• _Problem requirements_:
Write out each line of the listing as it stands, without the images.

• _Information provided_:
==*==
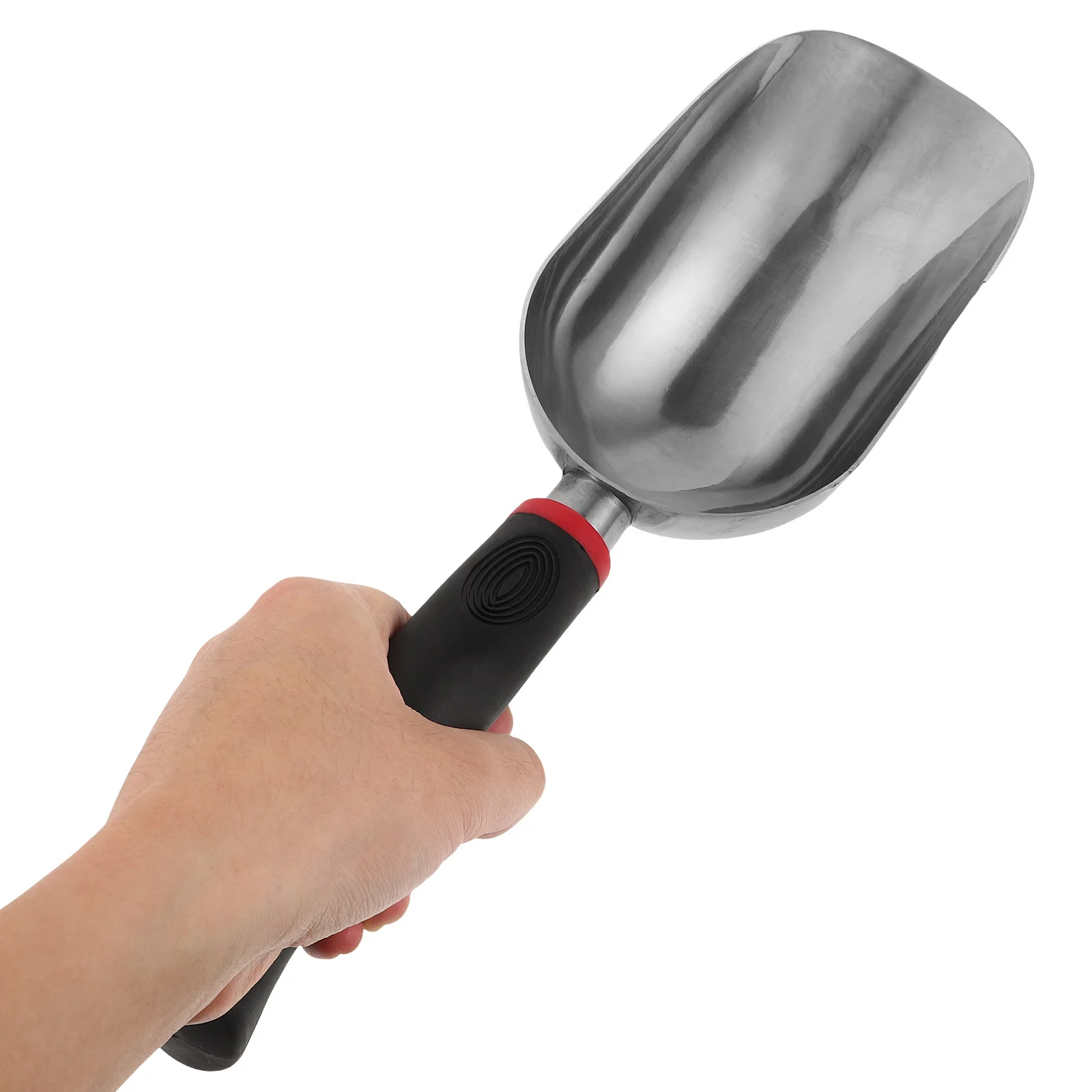 

Aluminum Alloy Garden Shovel Soil Scoop Ice Machine Potting Scooper Orange Lightweight Durable Multi Functional Tool For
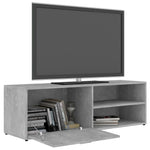 ZNTS TV Cabinet Concrete Grey 120x34x37 cm Engineered Wood 801156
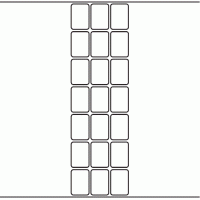 1092 - Label Size 28mm x 40mm - 4,800 labels per roll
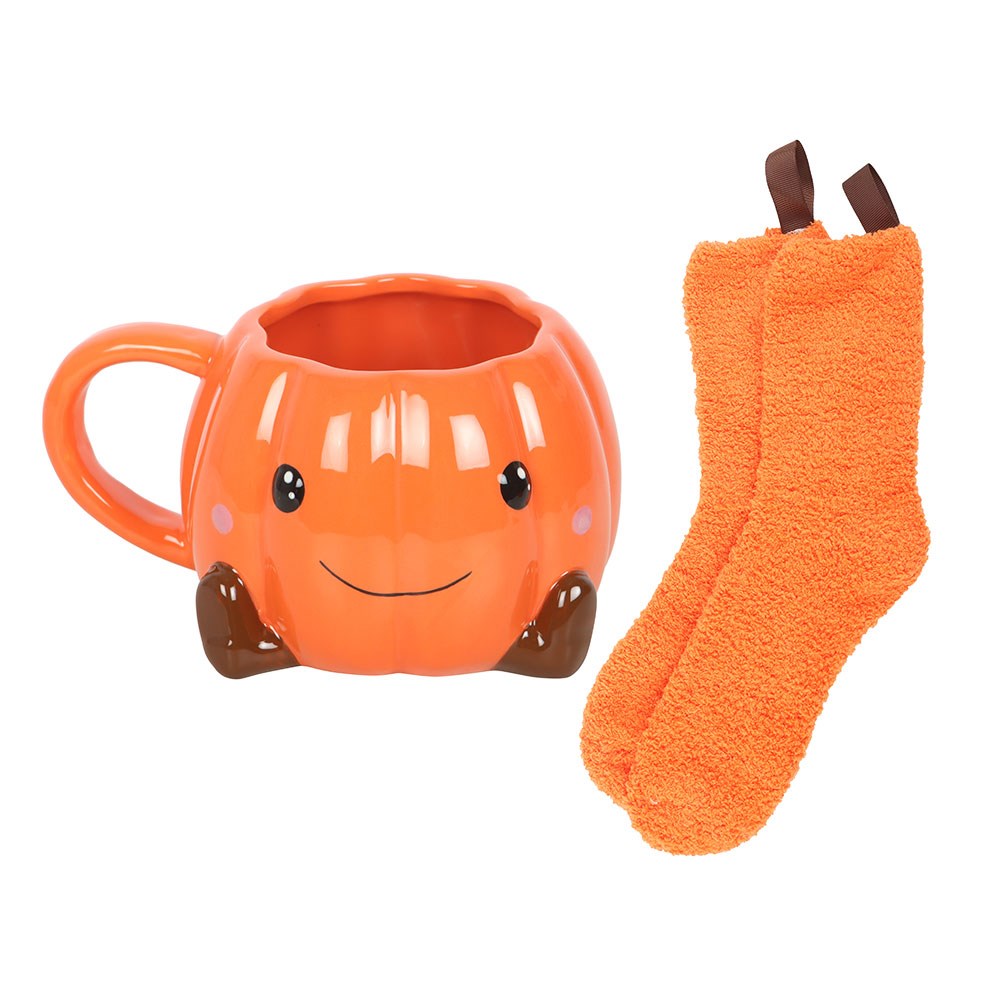 Pumpkin Mug and Socks Set - Olleke Wizarding Shop Amsterdam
==*==
• _Solution below_:
Aluminum Alloy Garden Shovel Soil Scoop Ice Machine Potting Scooper Orange Lightweight Durable Multi Functional Tool For
 ZNTS TV Cabinet Concrete Grey 120x34x37 cm Engineered Wood 801156
 1092 - Label Size 28mm x 40mm - 4,800 labels per roll
 Pumpkin Mug and Socks Set - Olleke Wizarding Shop Amsterdam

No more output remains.